Bernard Dika è un giovane studente di giurisprudenza all’Università di Firenze impegnato da anni in politica nelle fila del centrosinistra. Ha iniziato il suo percorso come rappresentate d’istituto nel Liceo Statale Niccolò Forteguerri di Pistoia per poi essere eletto Presidente del Parlamento Regionale degli Studenti della Toscana. Nel 2016, Bernard ha ricevuto l’onorificenza di Alfiere della Repubblica per le lotte studentesche da lui promosse.
Gabriele Sgueglia è studente di scienze politiche presso l’Università di Firenze e dal giugno 2017 è Consigliere comunale della città di Pistoia per Fratelli d’Italia. Rappresentate d’istituto nel Liceo Scientifico “Amedeo di Savoia”, è stato eletto come presidente della Consulta Provinciale degli Studenti e dopo aver concluso il percorso scolastico ha fondato un’associazione politica giovanile nella città di Pistoia.
Spesso, erroneamente, l’attività politica viene associata ad un sistema fatto per adulti in cui i giovani hanno poco spazio e non si ritrovano.

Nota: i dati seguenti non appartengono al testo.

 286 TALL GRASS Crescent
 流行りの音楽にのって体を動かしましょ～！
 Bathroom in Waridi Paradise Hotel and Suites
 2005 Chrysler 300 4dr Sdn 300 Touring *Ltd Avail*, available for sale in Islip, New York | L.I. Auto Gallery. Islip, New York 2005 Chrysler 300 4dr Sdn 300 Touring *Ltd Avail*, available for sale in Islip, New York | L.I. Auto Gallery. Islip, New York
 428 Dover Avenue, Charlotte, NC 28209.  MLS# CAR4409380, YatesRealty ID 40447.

In questo senso, la classe dirigente del paese quali misure dovrebbe adottare per attirare maggiormente il loro interesse e coinvolgimento?
G: Nessuna. I sistemi, soprattutto quelli politici, sono per natura auto conservativi. Sarebbe ipocrita credere ad un programma culturale di avvicinamento dei giovani alla politica voluto dai “vecchi”. Preferisco pensare una generazione che rivendica il diritto di decidere sul proprio futuro senza attendere elargizioni improbabili.
B: Potrà sembrare banale ma se molti giovani si sentono lontani dal mondo della politica è responsabilità della cattiva politica. Quando i nostri genitori avevano la nostra età l’Italia fu scossa da “Tangentopoli”. I partiti erano quasi tutti composti da qualche corrotto. Troppo spesso i grandi ci hanno spinto a starne lontani senza capire che l’unico modo per rendere la Politica una cosa bella e utile per tutti e non per pochi è di praticarla cercando di essere migliori di coloro che critichiamo giornalmente.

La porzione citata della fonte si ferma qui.